Sport und Diplomatie erlitten Schäden. Politische Risse beeinträchtigten die Auswahl der Nationalmannschaften für internationale Turniere. Regionale Allianzen zerbröckelten. Streitige Abkommen lösten Bedenken über Souveränität aus.
Yunus reiste während seiner Amtszeit um die Welt, besuchte mehrere Länder in schneller Folge. Unterstützer bezeichneten die Reisen als diplomatische Initiative im Rahmen seines ‘Three Zeroes’-Konzepts – keine Armut, Arbeitslosigkeit oder Hunger. Kritiker sahen sie als persönliche Werbung mit geringen staatlichen Erfolgen.
Unterdessen sammelten Grameen-Netzwerk-Gesellschaften Gewinne. Grameen Bank erhielt Genehmigungen für eine private Universität, Arbeitsdienste, digitale Zahlungen, Steuererleichterungen und Eigentumsreformen. Langjährige Gerichtsverfahren, an denen Yunus und seine Verbündeten beteiligt waren, endeten ungewöhnlich schnell, was Beschwerden über Transparenz auslöste.
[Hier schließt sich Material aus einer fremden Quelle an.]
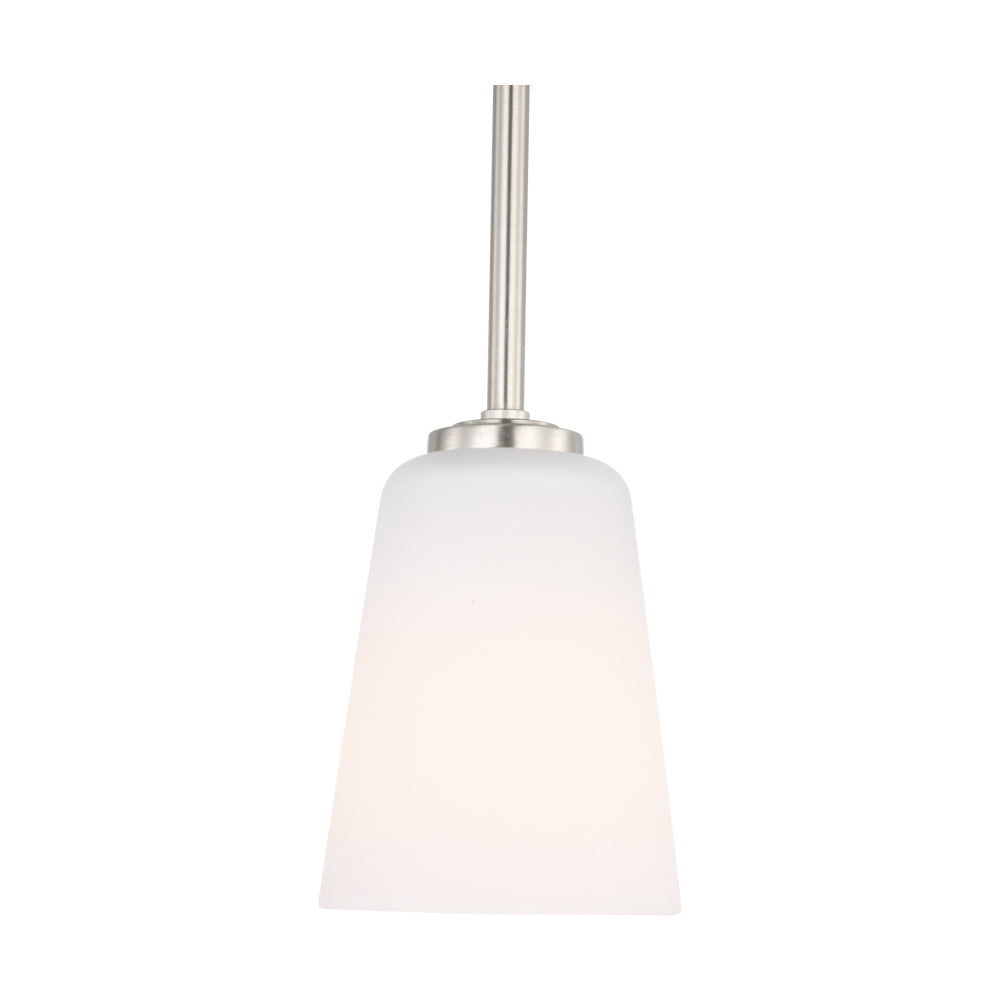 Generation Lighting GLP1031BS Miles One Light Mini-Pendant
Studentenführer, die Yunus zur Macht verhalfen, distanzieren sich jetzt von dieser Zeit. Viele Bangladescher begrüßten die Regierung von Rahman mit Erleichterung, da sie den Yunus-Zeitraum als 18 Monate Leiden sahen. Öffentliche Stimmung, gemessen an Straßenumfragen und sozialen Medien, spiegelt ein Land wider, das bereit ist, das, was ein Analyst als ‘dunkles Zwischenkapitel’ bezeichnete, hinter sich zu lassen.
Verteidiger geben Yunus die Stabilisierung der Chaos nach der Aufstandsgewalt und den Fortschritt in bestimmten Reformen zu. Dennoch ist die dominante Kritik, dass Bangladesch wenig von der Leitung des globalen Ikons gewonnen hat. Frieden und Stabilität – Merkmale seines Nobelpreises – blieben dem Land, das er kurz führte, verwehrt.